Leo una y otra vez el significado y siento que me calza a la perfección. Consultar de vez en cuando el diccionario es un buen ejercicio de la mente, que se recomienda a escritores y periodistas vanidosillos, quienes creen utilizar el lenguaje de Cervantes y se enredan en el manejo de los vocablos.

A diario, me comporto igual a idiota, lo cual empieza a ser razón de mi vida. Algo tarde para descubrir carencias, queridos feligreses, acostumbrado a escribir columnas, no calumnias en Cine y Literatura. Escucho las noticias en TV o las leo en los diarios, y al enterarme cuanto sucede en otros países, entre epidemias, muertes, guerras, atentados terroristas, incendios, empiezo a sentir un desbocado amor por Chile. Ansias de salir embozado a la calle, enarbolando la bandera de la patria y ponerme a gesticular delante del primer idiota que encuentre; perdón, al primer transeúnte que se cruza en mi camino.
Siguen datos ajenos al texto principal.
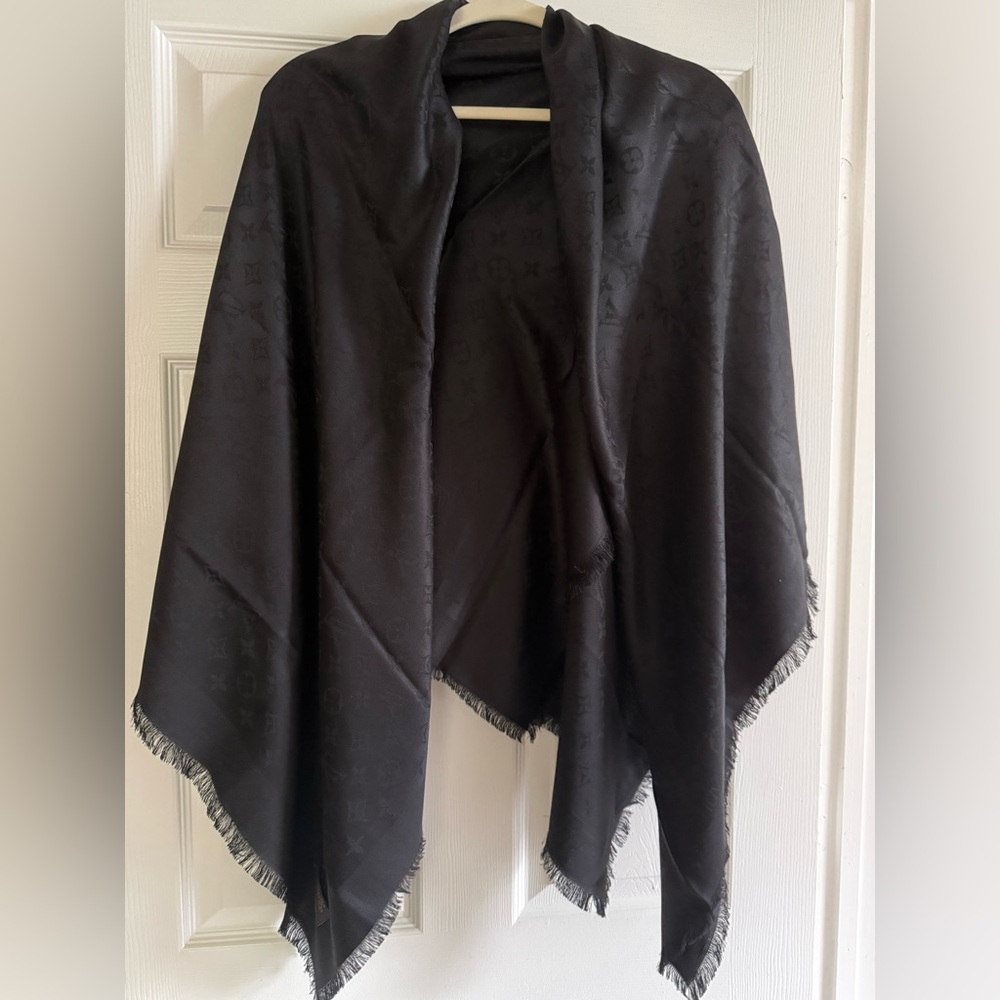 Louis Vuitton Classic Monogram Silk/Wool Scarf - Black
Mediante mímica, convencerlo que en Chile se respira libertad, aunque el aire esté contaminado; que el gobierno es sensible a las necesidades del pueblo y se esmera en resolver los problemas. Que cualquiera puede protestar o berrear su disgusto por los abusivos precios de la luz, no la del día, sino la eléctrica. Que el agua es escasa y turbia, que pronto se va a cobrar por respirar. Y es posible que tres personas paradas en una esquina, aplaudan o me griten: ¡Cállate idiota! Si lo manifiestan, constituye un consuelo y lo debo agradecer, pues reafirma mi condición de idiota.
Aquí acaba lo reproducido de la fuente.